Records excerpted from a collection
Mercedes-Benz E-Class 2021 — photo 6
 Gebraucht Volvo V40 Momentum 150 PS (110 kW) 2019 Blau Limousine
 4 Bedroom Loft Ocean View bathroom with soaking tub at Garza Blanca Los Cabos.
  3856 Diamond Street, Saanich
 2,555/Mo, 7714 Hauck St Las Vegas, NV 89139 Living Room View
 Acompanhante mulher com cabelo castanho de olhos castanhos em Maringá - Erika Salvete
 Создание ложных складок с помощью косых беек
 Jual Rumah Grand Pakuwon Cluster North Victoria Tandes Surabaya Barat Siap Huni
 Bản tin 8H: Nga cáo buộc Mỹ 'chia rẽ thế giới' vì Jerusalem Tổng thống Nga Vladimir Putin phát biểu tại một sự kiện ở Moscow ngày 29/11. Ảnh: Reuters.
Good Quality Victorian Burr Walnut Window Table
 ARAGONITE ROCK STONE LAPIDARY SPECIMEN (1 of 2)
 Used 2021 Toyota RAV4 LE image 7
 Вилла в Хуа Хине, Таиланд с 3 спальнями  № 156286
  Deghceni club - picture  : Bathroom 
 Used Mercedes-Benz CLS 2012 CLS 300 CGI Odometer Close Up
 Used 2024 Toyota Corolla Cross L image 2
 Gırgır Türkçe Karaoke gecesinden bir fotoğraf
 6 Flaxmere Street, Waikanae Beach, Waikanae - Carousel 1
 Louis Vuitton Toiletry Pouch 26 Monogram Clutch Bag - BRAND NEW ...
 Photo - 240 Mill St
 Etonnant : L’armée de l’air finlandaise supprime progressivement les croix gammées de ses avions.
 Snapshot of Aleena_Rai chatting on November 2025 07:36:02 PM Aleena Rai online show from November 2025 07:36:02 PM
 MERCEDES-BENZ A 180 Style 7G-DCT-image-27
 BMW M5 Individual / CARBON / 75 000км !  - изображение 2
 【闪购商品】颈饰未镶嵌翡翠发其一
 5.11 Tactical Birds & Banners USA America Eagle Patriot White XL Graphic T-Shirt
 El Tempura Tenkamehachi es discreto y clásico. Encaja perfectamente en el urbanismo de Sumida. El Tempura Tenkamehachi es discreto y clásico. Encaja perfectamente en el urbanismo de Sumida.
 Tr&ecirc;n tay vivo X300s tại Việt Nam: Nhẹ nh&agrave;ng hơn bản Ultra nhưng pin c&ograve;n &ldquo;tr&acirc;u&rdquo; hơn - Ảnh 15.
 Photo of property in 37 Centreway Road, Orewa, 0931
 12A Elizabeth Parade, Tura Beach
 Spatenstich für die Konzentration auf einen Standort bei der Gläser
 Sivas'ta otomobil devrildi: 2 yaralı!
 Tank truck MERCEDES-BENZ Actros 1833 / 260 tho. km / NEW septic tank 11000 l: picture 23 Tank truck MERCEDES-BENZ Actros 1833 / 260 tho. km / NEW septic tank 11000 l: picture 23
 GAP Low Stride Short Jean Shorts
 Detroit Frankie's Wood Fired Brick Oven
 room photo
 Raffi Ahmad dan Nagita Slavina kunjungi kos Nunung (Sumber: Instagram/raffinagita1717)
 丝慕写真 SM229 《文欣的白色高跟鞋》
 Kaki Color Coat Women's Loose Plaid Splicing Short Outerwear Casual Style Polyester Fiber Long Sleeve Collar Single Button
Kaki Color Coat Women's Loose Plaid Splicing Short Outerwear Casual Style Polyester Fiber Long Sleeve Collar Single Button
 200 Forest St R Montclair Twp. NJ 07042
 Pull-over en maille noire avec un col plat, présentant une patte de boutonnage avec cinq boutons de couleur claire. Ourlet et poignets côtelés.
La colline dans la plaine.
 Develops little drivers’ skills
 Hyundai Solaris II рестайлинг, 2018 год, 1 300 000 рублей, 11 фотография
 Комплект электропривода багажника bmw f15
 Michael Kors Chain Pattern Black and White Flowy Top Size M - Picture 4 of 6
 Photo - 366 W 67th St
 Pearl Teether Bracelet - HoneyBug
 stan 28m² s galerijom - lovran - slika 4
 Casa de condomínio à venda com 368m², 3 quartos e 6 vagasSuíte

=== What is required ===
Only one number is expected: the count of lines in the entries holding the string "Splicing".

=== Exercise response ===
2